> [Dataset extract]:
★ ★ ★ ★ ★
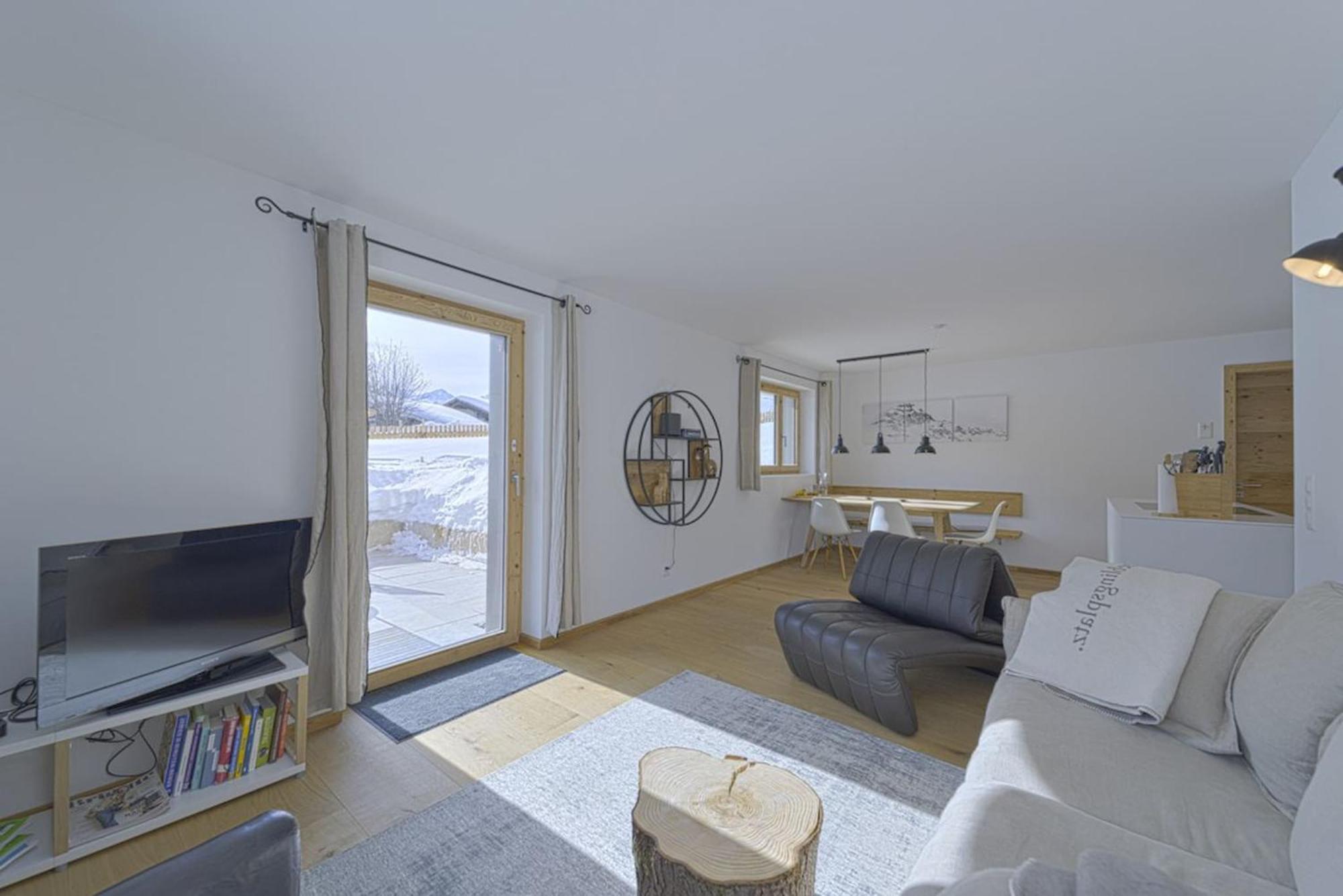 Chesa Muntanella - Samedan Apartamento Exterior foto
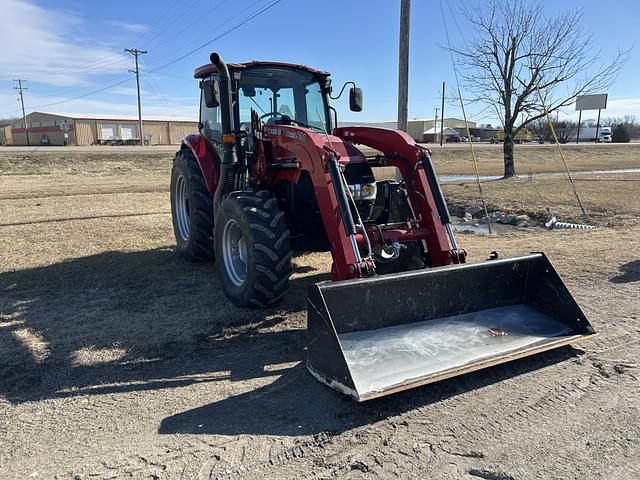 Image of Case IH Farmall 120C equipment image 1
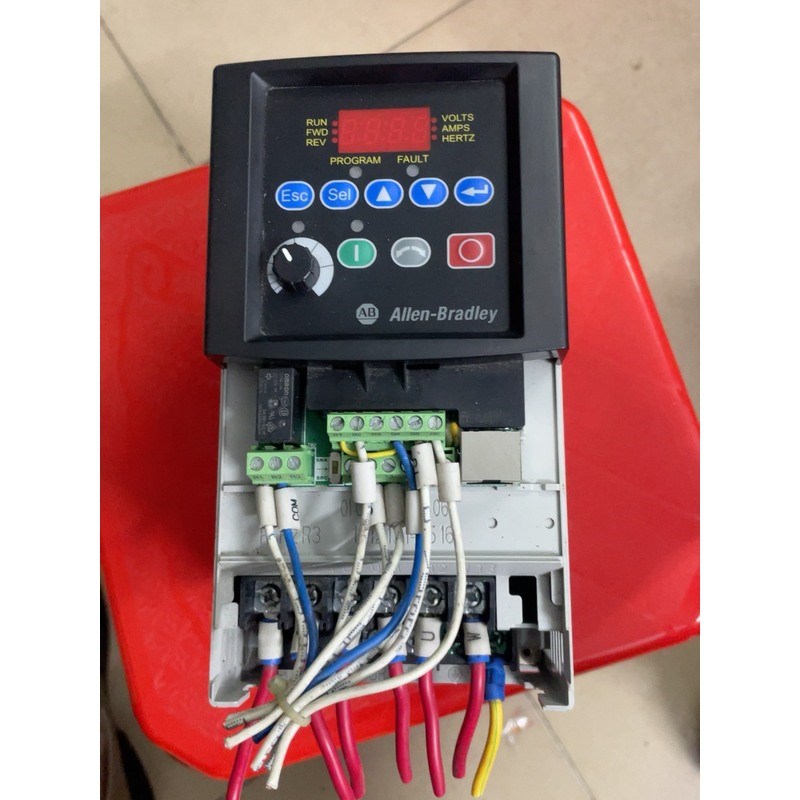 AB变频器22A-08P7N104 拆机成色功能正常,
★ ★ ★ ★ ★
> [Task requirements]:
Return every line shown above without changing a word, and skip the pictures.

> [Solution for this exercise]:
 Chesa Muntanella - Samedan Apartamento Exterior foto
 Image of Case IH Farmall 120C equipment image 1
 AB变频器22A-08P7N104 拆机成色功能正常,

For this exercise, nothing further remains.